We don't pass in `Tn` explicitly, which means Numba allocates it for us (thanks!) but it's allocated using `numpy.empty_like` so if we don't touch every value in `Tn` in the function, those empty values will stick around and cause trouble.  

Solutions?  The one above, or pass it in explicitly after doing something like `Tn = Ti.copy()`

## [Exercise: Remove the vanilla loops](./exercises/08.GUVectorize.Exercises.ipynb#Exercise:-2D-Heat-Transfer-Time-loop)

The example above loops in time outside of the `vectorize`d function.  That means it's looping in vanilla Python which is not the fastest thing in the world.  

What to do?  Move the time loop inside the function?  `jit` the `run_ftcs` function?  I suggest you try option #1.

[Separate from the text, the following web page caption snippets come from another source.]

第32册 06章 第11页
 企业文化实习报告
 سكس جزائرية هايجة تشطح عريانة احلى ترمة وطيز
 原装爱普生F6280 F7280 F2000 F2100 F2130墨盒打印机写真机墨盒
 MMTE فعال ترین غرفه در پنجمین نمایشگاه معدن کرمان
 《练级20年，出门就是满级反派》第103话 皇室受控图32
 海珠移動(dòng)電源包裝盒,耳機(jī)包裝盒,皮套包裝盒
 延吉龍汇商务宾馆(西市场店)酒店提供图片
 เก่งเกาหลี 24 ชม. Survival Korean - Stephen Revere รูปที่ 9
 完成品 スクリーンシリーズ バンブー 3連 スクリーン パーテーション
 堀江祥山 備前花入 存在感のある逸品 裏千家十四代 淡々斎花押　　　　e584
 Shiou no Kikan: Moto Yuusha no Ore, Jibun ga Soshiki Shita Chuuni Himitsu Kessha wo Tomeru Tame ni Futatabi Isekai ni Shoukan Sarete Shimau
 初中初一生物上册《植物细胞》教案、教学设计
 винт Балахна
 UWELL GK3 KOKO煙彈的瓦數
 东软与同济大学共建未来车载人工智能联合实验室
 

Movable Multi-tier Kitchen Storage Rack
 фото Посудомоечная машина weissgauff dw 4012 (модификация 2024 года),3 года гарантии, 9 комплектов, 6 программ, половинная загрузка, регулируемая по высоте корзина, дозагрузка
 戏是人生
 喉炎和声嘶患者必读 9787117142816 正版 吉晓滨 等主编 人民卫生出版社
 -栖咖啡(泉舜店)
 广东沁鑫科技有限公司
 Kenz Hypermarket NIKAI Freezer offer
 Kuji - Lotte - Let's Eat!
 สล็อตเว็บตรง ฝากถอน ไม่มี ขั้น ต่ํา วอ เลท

## Demo: Why not `jit` the `run_ftcs` function?

Because, at the moment, it won't work.  (bummer).

In [None]:
@guvectorize('float64[:,:], float64[:,:]', '(n,n)->(n,n)')
def gucopy(a, b):
    I, J = a.shape
    for i in range(I):
        for j in range(J):
            b[i, j] = a[i, j]

In [None]:
from numba import jit

In [None]:
@jit
def make_a_copy():
    a = numpy.random.random((25,25))
    b = gucopy(a)
    
    return a, b

In [None]:
a, b = make_a_copy()
assert numpy.allclose(a, b)

In [None]:
make_a_copy.inspect_types()